You always worry that your partner might be seeing someone else behind your back. You demand control over every aspect of their life and require constant contact. When they spend time with other people without you, you fret, text constantly, experience jealousy, and ask for proof that they’re being faithful. They break up with you because they find you controlling.


You constantly look for perfection in a partner, even though you know perfection is impossible. You find fault with every little thing they do, from the way they cook to the clothes they wear. You are impossible to please, and your partner eventually gives up trying and breaks up with you.


You spend a lot of time trying to convince yourself that the relationship is perfect, even when it’s not. When your partner wants to address a problem, you avoid the topic or simply say: “I don’t think we’re having an issue; it’s going to go away.” Your partner grows resentful of your inability to face problems together and leaves.


Holding a grudge against your partner means that your anger never really goes away. It takes a lot of energy to stay mad. Regardless of what else your partner does, you will always come back to those grudges. It’s a way of protecting yourself by pushing away the other person. As long as you are mad, no one can really get close to you.

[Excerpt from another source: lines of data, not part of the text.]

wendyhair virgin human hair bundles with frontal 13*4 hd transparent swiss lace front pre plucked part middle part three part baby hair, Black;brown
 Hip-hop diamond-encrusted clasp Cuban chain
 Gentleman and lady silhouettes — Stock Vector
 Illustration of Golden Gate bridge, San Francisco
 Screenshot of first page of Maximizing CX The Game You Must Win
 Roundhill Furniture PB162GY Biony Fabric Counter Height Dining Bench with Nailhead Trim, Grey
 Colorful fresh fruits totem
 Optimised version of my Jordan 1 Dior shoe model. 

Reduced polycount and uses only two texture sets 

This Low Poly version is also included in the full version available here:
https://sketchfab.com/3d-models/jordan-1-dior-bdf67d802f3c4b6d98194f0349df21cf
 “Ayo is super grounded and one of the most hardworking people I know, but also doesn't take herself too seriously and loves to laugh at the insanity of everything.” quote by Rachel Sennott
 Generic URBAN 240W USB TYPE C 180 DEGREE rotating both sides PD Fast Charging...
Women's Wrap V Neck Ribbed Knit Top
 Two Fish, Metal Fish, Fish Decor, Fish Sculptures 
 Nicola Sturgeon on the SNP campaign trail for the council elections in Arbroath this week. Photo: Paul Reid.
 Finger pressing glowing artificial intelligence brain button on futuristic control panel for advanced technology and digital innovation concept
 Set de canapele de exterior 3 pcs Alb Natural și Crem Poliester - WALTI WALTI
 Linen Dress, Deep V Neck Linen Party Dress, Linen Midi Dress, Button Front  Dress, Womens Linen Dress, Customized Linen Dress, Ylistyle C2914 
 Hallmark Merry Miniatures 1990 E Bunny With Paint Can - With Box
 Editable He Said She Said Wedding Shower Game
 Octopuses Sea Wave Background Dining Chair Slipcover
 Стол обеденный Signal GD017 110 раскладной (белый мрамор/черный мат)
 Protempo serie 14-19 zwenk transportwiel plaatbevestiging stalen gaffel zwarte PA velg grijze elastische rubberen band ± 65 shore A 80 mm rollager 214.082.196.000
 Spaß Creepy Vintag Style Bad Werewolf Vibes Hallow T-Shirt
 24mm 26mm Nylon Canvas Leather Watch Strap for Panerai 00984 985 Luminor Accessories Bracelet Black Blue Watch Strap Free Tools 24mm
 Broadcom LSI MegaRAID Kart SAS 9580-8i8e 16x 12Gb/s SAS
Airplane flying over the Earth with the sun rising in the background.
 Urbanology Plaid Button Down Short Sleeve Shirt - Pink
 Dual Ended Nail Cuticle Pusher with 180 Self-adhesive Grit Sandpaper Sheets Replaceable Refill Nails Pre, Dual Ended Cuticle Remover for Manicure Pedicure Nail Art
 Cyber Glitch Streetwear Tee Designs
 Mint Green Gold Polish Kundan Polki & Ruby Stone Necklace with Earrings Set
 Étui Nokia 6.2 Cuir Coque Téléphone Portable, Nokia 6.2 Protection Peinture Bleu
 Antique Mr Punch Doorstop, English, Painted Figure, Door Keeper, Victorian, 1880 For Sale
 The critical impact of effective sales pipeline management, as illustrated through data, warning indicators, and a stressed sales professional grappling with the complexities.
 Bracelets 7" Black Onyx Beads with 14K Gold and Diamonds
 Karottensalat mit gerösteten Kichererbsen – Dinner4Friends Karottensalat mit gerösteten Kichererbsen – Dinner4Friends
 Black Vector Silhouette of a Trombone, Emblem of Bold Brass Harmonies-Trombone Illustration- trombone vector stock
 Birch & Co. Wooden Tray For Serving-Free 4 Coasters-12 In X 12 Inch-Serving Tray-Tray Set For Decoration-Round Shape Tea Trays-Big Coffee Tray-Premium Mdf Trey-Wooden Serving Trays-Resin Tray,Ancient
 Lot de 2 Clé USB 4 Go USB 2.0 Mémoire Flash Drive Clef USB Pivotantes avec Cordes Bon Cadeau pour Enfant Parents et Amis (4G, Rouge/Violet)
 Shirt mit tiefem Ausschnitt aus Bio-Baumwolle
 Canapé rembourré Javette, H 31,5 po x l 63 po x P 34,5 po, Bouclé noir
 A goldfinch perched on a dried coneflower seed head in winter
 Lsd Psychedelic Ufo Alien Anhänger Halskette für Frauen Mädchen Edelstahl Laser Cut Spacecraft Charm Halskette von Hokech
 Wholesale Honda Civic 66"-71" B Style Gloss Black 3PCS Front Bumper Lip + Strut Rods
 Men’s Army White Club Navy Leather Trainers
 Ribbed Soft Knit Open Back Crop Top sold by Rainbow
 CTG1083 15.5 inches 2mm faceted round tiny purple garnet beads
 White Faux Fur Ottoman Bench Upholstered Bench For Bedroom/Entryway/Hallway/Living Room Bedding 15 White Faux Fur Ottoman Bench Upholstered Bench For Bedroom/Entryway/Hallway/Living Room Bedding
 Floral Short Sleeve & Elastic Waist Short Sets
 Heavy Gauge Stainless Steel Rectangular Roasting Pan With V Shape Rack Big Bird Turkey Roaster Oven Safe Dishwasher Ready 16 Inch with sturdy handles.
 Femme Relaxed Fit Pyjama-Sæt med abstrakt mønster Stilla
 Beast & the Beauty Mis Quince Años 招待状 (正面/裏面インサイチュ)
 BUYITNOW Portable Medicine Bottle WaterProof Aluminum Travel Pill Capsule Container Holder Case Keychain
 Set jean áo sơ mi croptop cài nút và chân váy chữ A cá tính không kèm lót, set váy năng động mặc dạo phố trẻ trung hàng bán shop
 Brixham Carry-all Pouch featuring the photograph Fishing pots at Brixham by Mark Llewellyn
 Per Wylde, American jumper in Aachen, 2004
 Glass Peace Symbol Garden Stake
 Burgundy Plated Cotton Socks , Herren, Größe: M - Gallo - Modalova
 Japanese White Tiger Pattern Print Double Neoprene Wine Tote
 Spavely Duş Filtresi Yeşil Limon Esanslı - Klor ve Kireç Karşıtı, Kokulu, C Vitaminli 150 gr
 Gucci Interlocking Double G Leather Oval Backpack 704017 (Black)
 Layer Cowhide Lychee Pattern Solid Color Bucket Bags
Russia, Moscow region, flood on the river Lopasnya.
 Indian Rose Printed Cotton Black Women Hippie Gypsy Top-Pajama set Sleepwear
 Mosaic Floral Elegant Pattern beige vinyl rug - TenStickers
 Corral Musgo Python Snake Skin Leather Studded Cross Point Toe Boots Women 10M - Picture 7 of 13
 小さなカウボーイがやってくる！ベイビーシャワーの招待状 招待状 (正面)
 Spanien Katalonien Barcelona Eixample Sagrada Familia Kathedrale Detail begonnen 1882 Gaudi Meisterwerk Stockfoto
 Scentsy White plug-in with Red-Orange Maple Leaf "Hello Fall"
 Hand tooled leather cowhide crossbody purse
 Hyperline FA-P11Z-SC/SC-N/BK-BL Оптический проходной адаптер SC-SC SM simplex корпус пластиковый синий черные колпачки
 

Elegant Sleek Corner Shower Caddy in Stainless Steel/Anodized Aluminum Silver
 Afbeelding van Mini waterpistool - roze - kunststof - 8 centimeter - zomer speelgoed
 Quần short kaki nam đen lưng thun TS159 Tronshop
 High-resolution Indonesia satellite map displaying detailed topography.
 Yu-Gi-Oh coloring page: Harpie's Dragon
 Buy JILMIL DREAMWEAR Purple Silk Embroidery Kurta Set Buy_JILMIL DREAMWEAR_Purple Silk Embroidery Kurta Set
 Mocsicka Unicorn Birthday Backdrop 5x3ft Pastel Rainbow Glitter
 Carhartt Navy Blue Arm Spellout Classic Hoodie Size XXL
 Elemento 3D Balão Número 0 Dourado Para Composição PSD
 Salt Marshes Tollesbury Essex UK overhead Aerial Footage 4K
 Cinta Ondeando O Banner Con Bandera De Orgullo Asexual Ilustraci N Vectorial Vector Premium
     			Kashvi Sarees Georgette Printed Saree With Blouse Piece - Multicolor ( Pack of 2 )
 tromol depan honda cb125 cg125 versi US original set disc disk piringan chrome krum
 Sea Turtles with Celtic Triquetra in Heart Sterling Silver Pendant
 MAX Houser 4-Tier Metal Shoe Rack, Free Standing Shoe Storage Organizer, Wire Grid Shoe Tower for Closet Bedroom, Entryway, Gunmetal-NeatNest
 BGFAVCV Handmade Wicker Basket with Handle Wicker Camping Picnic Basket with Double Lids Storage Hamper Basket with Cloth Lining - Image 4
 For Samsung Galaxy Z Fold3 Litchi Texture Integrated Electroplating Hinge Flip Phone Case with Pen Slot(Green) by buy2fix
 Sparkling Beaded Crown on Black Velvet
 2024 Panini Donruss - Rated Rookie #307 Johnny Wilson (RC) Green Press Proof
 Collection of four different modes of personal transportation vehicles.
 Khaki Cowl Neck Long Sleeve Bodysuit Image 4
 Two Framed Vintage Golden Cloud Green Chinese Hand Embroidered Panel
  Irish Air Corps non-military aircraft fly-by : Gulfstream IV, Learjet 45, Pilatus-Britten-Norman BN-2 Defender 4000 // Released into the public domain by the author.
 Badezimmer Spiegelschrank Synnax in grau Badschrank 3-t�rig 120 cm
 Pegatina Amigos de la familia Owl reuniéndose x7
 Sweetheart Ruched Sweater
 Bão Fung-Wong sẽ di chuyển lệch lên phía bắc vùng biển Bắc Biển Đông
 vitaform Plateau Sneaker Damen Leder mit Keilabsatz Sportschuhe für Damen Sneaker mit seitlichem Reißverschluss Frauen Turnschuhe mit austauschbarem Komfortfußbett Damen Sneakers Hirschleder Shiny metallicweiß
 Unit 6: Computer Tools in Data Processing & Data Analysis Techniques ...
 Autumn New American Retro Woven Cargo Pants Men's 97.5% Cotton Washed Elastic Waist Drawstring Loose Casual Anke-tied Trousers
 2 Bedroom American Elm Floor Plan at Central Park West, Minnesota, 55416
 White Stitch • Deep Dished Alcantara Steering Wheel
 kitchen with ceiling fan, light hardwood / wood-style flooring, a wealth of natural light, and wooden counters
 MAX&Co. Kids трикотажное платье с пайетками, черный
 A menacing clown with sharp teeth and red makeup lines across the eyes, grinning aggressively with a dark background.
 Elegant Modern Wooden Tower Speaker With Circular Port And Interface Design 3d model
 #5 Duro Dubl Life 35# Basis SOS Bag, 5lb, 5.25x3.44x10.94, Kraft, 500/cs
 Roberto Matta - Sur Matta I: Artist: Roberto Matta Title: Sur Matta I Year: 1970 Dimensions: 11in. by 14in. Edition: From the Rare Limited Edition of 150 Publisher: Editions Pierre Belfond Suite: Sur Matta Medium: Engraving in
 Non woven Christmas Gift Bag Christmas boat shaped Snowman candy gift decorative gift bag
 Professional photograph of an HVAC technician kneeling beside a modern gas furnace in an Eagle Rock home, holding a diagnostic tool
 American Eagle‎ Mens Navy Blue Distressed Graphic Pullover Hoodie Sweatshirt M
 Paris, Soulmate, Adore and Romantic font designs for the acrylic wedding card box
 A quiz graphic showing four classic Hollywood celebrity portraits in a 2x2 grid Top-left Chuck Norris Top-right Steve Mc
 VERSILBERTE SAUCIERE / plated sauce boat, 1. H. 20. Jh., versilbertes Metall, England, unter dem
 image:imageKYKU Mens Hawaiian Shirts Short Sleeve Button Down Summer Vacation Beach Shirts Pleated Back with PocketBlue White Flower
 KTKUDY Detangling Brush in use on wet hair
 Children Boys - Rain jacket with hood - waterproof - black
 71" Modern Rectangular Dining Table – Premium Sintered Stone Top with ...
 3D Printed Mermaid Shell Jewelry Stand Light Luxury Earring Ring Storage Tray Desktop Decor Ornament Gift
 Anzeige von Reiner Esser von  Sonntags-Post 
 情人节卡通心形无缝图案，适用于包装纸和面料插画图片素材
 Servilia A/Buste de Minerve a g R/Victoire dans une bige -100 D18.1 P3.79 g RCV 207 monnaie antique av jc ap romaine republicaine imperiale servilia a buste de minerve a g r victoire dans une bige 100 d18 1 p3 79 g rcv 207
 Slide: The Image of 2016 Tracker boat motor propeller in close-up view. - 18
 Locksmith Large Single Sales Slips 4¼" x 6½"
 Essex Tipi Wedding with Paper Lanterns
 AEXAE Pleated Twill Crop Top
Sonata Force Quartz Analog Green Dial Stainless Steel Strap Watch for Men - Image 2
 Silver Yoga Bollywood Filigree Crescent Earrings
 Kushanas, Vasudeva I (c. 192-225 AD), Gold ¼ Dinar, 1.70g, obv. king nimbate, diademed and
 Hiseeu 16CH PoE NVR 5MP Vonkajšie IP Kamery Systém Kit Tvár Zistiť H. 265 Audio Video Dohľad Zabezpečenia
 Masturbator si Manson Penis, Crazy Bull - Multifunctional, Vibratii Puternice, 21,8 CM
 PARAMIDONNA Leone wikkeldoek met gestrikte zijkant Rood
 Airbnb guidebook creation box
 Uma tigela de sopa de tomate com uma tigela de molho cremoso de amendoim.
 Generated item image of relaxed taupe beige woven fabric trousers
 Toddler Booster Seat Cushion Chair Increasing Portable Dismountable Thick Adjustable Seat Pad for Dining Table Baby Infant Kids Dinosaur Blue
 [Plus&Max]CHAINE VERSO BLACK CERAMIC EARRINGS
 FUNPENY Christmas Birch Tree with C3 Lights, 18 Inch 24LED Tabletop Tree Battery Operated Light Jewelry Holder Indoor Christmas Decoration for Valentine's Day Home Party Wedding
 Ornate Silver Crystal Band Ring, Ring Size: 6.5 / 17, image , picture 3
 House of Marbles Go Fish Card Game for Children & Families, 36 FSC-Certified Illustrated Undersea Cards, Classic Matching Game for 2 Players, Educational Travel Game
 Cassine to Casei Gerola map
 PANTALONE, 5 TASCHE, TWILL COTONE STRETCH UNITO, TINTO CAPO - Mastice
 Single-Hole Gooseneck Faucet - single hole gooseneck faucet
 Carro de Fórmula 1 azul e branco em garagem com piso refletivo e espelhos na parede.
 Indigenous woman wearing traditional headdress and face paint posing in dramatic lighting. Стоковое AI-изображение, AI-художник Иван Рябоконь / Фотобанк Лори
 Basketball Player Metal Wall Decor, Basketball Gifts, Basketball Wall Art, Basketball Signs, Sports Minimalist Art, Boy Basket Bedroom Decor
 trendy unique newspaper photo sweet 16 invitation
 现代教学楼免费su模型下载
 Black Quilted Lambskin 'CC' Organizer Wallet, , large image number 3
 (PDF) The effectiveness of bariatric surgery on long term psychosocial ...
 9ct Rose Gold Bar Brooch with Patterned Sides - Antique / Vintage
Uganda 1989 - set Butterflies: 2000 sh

While in some cases having sex with other people is okay when both people agree to non-monogamy, in general, going from affair to affair can be a sign of self-sabotage. You’re doing one of the most hurtful things you can do to a romantic partner in the hopes that they’ll find out and leave you.

Low Self-Esteem

You always talk about yourself in self-deprecating ways: “I’m not as smart as you.” “I’m just an idiot, why are you with me?” “You’re just with me because you pity me,” etc. This is a sign of low self-esteem, and most people do not enjoy being told that they love someone who is worthless. When, despite their constant reassurance that you are a good person, you keep tearing yourself down, they give up and break up.

How to stop sabotaging your relationships

“Knowing your and your partner’s attachment style will help each person understand why they act in a certain way within the relationship; and can help reframe the action from sabotaging to a pattern created based on a relationship and family history,”. “By becoming more self-aware of these patterns, people can start to intentionally work to create new patterns by confronting and being honest about their feelings surrounding intimacy; developing direct communication skills with their partner, and working to let go of any fears surrounding relationships and commitment.”

Have an honest discussion

If you are feeling anxious or having doubts in any relationship, it is important that you initiate an open discussion about these fears. You and your partner should speak openly about what problems you’re having and what the best next steps for your relationship could be. If you feel like you have some growing up to do before the relationship can change, taking a temporary break might be a move to consider.

Be patient

Relationships are never easy, and it’s important to be patient while you are putting in all this hard work. Remember that you have a support system to help you through rough times and that you should be proud of yourself for recognizing unhealthy behavior and taking the necessary steps to fix it. “Life is hard!” Dancel lamented. “We are all just trying to make it in this world. It’s important for people to be understanding and patient with themselves.”

Taking Responsibility

In order to overcome self-sabotage in relationships, you need to be able to acknowledge your role in damaging your relationships. No relationship is perfect, but you are always going to feel disappointed if you keep setting yourself and your partner up for failure. Tackling these problems means that you need to be willing to be vulnerable and recognize your own issues with abandonment and rejection.

Get The Help You Need

If you feel like you and your partner cannot solve these issues on your own, counseling can be a great next step. Both individual and couples’ therapy provide a great outlet to discuss your relationship fears in a supportive, nonjudgmental, and empathetic environment. If you feel like your issues are only surrounding your relationship, couples’ therapy is probably the route to try.